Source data
[Start of Attachment]

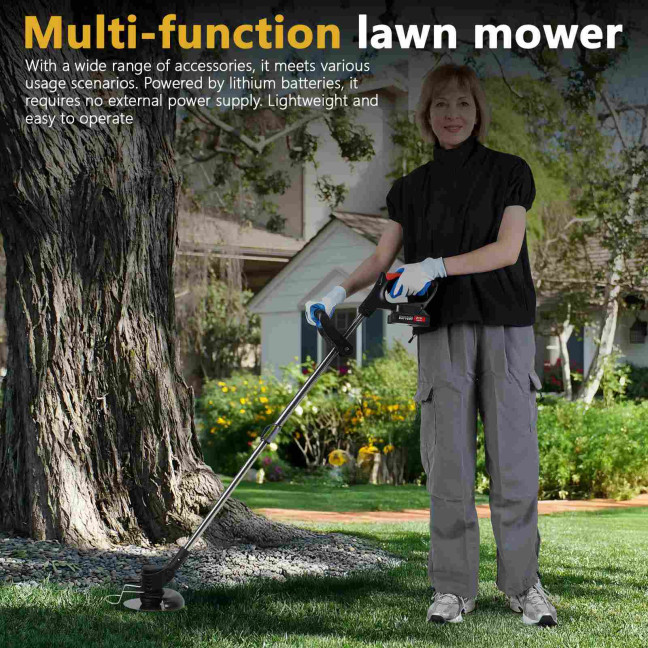 21V Electric Weed Wacker, Cordless Grass Trimmer with 2pcs 2000mAh Batteries & Charger, 3 in 1 Brush Cutter/Edger/Mower with 3 Types Blade for Garden Yard Lawn 21V Electric Weed Wacker, Cordless Grass Trimmer with 2pcs 2000mAh Batteries & Charger, 3 in 1 Brush Cutter/Edger/Mower with 3 Types Blade for Garden Yard Lawn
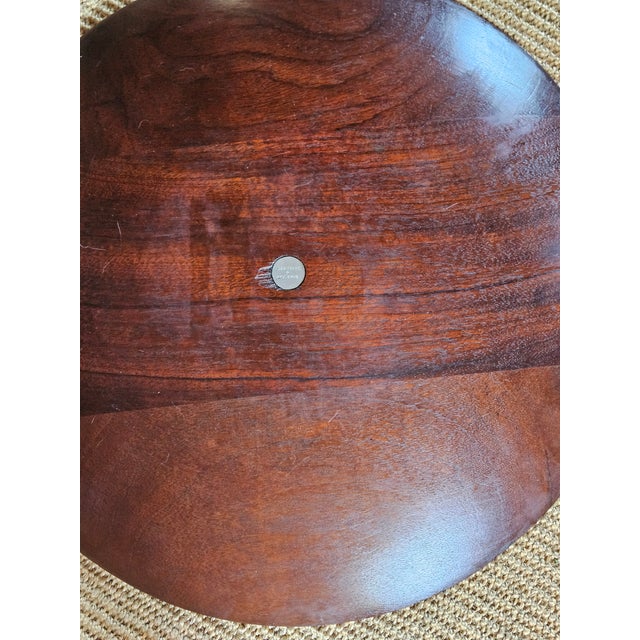 1960s Paul Evans Large Round Walnut Platter With Sunburst Pewter Inlay For Sale - Image 5 of 5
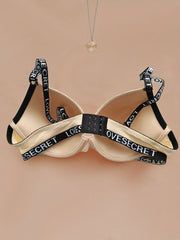 Letter Straps Push Up Bra Comfy & Breathable Everyday Bra Women's Lingerie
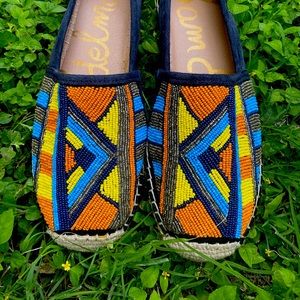 Blue suede beaded loafers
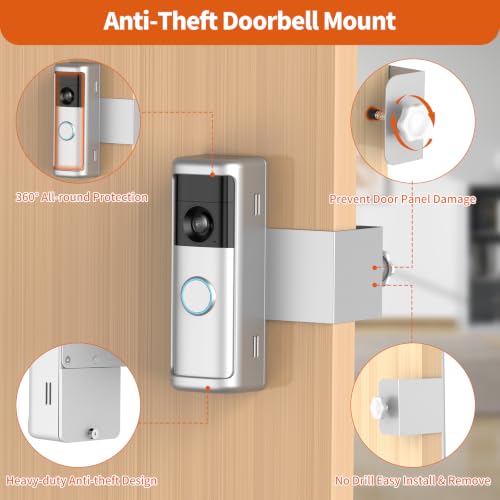 Image of Yaluyo No-Drill Doorbell Mount with Rain Cover, Anti-Theft Door Kits Compatible with Battery Doorbell /Plus /Pro(2026 Model),Quick Install Doorbell Camera Holder for Apartment, Silver
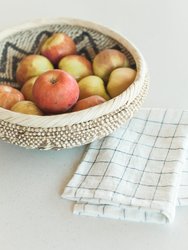 Stone Washed Linen Tea Towel - Windowpane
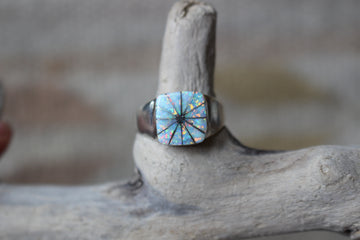 White Opal Square Ring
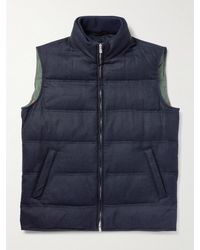 Rubinacci - Suede-trimmed Quilted Wool And Cashmere-blend Down Gilet - Lyst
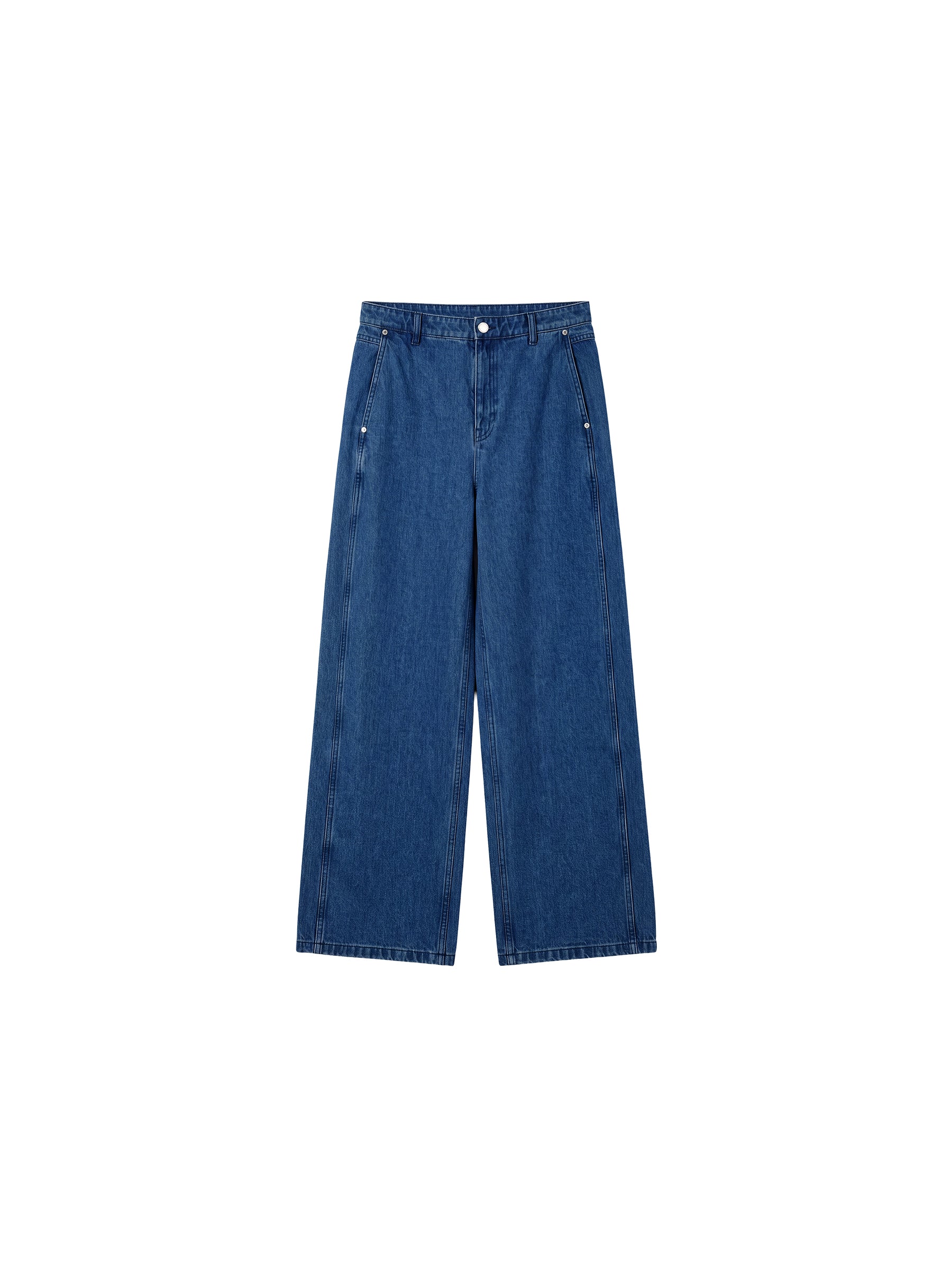 CUBIC 100% Cotton Curved Wide‑Leg Denim Jeans-7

[End of Attachment]

Problem to solve
Restate the entries above word for word, keeping pictures out of the copy.

Solution to this task
 21V Electric Weed Wacker, Cordless Grass Trimmer with 2pcs 2000mAh Batteries & Charger, 3 in 1 Brush Cutter/Edger/Mower with 3 Types Blade for Garden Yard Lawn 21V Electric Weed Wacker, Cordless Grass Trimmer with 2pcs 2000mAh Batteries & Charger, 3 in 1 Brush Cutter/Edger/Mower with 3 Types Blade for Garden Yard Lawn
 1960s Paul Evans Large Round Walnut Platter With Sunburst Pewter Inlay For Sale - Image 5 of 5
 Letter Straps Push Up Bra Comfy & Breathable Everyday Bra Women's Lingerie
 Blue suede beaded loafers
 Image of Yaluyo No-Drill Doorbell Mount with Rain Cover, Anti-Theft Door Kits Compatible with Battery Doorbell /Plus /Pro(2026 Model),Quick Install Doorbell Camera Holder for Apartment, Silver
 Stone Washed Linen Tea Towel - Windowpane
 White Opal Square Ring
 Rubinacci - Suede-trimmed Quilted Wool And Cashmere-blend Down Gilet - Lyst
 CUBIC 100% Cotton Curved Wide‑Leg Denim Jeans-7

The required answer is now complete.